Talking about eco-friendly fabrics, lyocell provides an interesting alternative. Just like viscose, lyocell (or tencel) is made by mixing wood-pulp with a solvent to create a viscous material. Then, the material is shaped into fibers that will become thread. Unlike for viscose, the solvent is not harmful to the environment and is recycled many times using a closed loop process. Lyocell also needs less water than cotton to grow. Plus, it is biodegradable.
So, are brands starting to use this innovative fabric? Using RETVIEWS, it is easy to check. Here is a chart showing how much lyocell some brands use:
32 FASHION BRANDS SIGN THE G7 FASHION PACT
There is more good news concerning pollution and the fashion industry. Ahead of the G7 summit in Biarritz this August, the French President Emmanuel Macron invited François-Henri Pinault, CEO of Kering and famous for his conscious clothing business practices, to gather fashion and textile industry leaders together and ask them to sign a Fashion Pact. 32 companies (representing roughly 150 brands) have committed to a set of goals to preserve our planet. This pact is historic as it unites some well-known competitors. It also proves that the private sector can act independently from governments to push for change. Pinault said that it is indeed hard to make progress alone, despite all the effort made. Among the signatories: fast-fashion leaders Inditex (Zara, Bershka) and H&M Group, sportswear pioneers Nike and Adidas, as well as luxury brands including Burberry, Hermès, Prada Group, Chanel, Armani, and eco-friendly fashion designer Stella McCartney.

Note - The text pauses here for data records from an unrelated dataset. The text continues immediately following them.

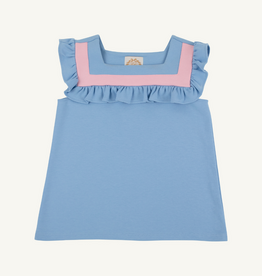 THE BEAUFORT BONNET COMPANY DARLA DAY TOP Sarasota Sky/Sandpearl Pink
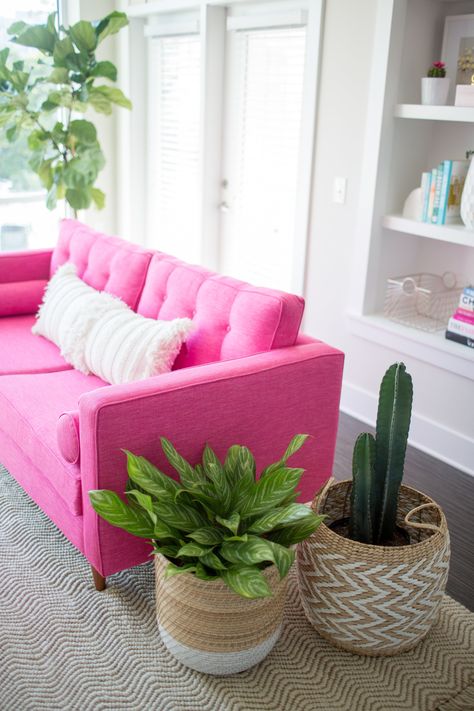 Rosa Sofa, Pink Living Room Decor, Pink Couch, Pink Furniture, Pink Sofa, Pink Living Room, Deco Originale, Pink Decor, A Living Room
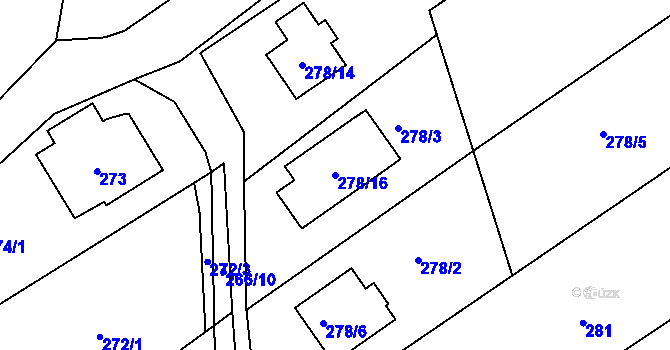 Parcela st. 278/16 v KÚ Olešná u Blanska, Katastrální mapa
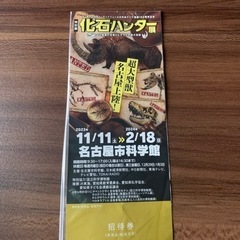 化石ハンターチケット　名古屋市科学館　1枚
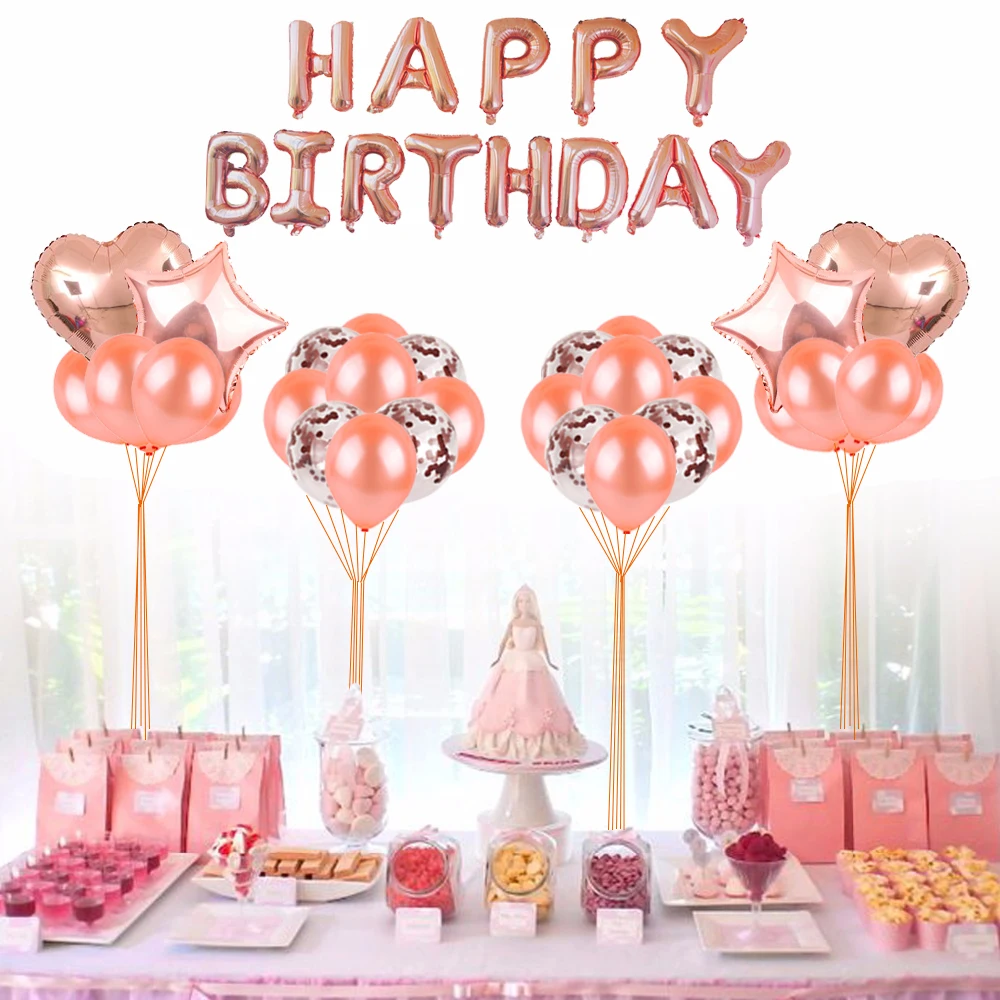Party Propz Birthday Decoration Items For Girl - 36 Pcs, Rose Gold Birthday Decorations for Girls | Rose Gold Balloons | Birthday Decorations Kit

Three topics are on the agenda: climate, biodiversity and oceans.
For climate, they have agreed to reduce and avoid carbon emissions, and offset through verifiable programs, with the goal of achieving a net-zero in greenhouse gas emissions by 2050. They have committed to using 100% renewable energy throughout the entire supply chain by 2030.
For biodiversity, the aim is to use approaches that restore soil, support production systems that respect animal welfare and use materials that have no negative impact on key species and ecosystems. Aligning to the current news about the fires in Amazonia, they promised not to contribute to the loss or degradation of natural forests.
Finally, with regard to oceans, they have decided to stop using single-use plastics by 2030. Another key goal considering this article: the support of innovation to eliminate microfiber pollution from the washing of synthetic materials and source materials that do not result in the chemical pollution of rivers and oceans. Also, they wish to support new technologies to safeguard the rivers and oceans from chemicals released through the fashion production supply-chain.
THE BOTTOM LINE
All this shows that the fashion industry is conscious of the impact it has on the environment. It is trying to change in order to slow the damage that it makes. It is uncertain how these fast fashion (and some high end) brands, whose business models rely on the fast pace of seasonality and the disposability of garments, will manage to make affordable ethical clothing. What is certain, however, is that this Pact will raise awareness among consumers and make way for the innovations transforming this huge industry.